Crystal structure of the Bacillus stearothermophilus anti-sigma factor SpoIIAB with the sporulation sigma factor sigmaF.

作者信息

Campbell Elizabeth A, Masuda Shoko, Sun Jing L, Muzzin Oriana, Olson C Anders, Wang Sheng, Darst Seth A

机构信息

The Rockefeller University, 1230 York Avenue, New York, NY 10021, USA.

出版信息

Cell. 2002 Mar 22;108(6):795-807. doi: 10.1016/s0092-8674(02)00662-1.
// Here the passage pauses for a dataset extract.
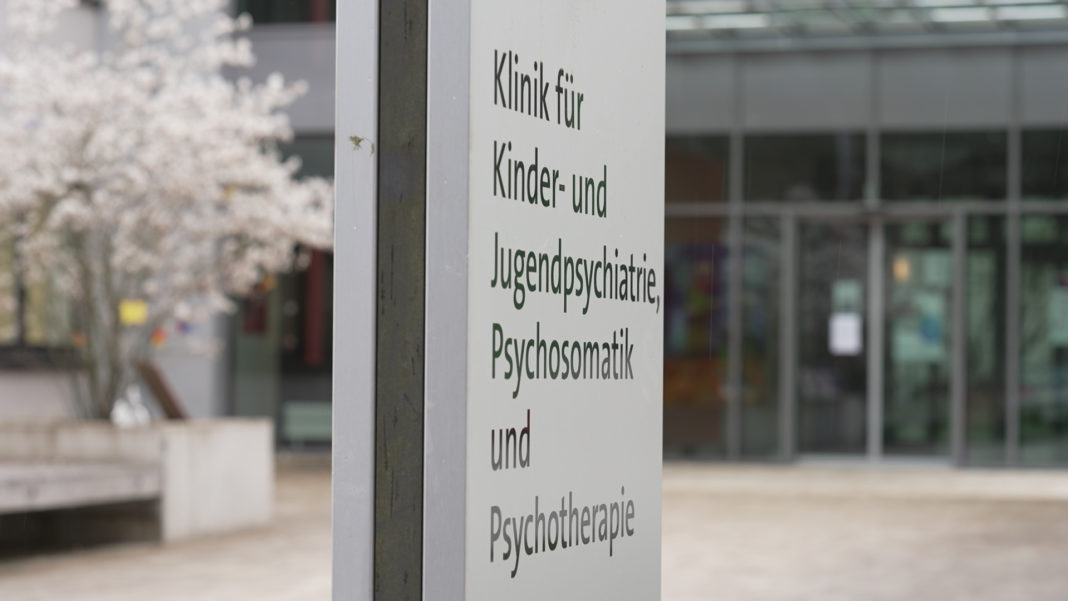 Eingangsschild Kinder- und Jugendpsychiatrie am Universitätsklinikum des Saarlandes. ©ZDF/Frederik Walter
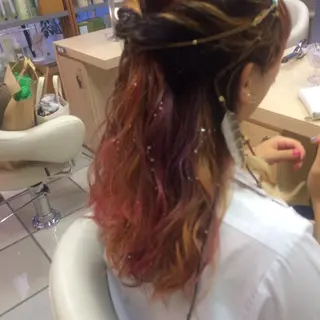 カラー ヘアアレンジ にった みずきのヘアスタイル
DOI:10.1016/s0092-8674(02)00662-1
PMID:11955433
Abstract

Cell type-specific transcription during Bacillus sporulation is established by sigmaF. SpoIIAB is an anti-sigma that binds and negatively regulates sigmaF, as well as a serine kinase that phosphorylates and inactivates the anti-anti-sigma SpoIIAA. The crystal structure of sigmaF bound to the SpoIIAB dimer in the low-affinity, ADP form has been determined at 2.9 A resolution. SpoIIAB adopts the GHKL superfamily fold of ATPases and histidine kinases. A domain of sigmaF contacts both SpoIIAB monomers, while 80% of the sigma factor is disordered. The interaction occludes an RNA polymerase binding surface of sigmaF, explaining the SpoIIAB anti-sigma activity. The structure also explains the specificity of SpoIIAB for its target sigma factors and, in combination with genetic and biochemical data, provides insight into the mechanism of SpoIIAA anti-anti-sigma activity.

摘要

芽孢杆菌形成芽孢过程中的细胞类型特异性转录由σF建立。SpoIIAB是一种抗σ因子,它结合并负向调节σF,同时它也是一种丝氨酸激酶,可磷酸化并使抗抗σ因子SpoIIAA失活。已在2.9埃分辨率下确定了以低亲和力ADP形式与SpoIIAB二聚体结合的σF的晶体结构。SpoIIAB采用ATP酶和组氨酸激酶的GHKL超家族折叠结构。σF的一个结构域与SpoIIAB的两个单体都有接触,而80%的σ因子是无序的。这种相互作用封闭了σF的RNA聚合酶结合表面,解释了SpoIIAB的抗σ因子活性。该结构还解释了SpoIIAB对其靶标σ因子的特异性,并结合遗传和生化数据,深入了解了SpoIIAA抗抗σ因子活性的机制。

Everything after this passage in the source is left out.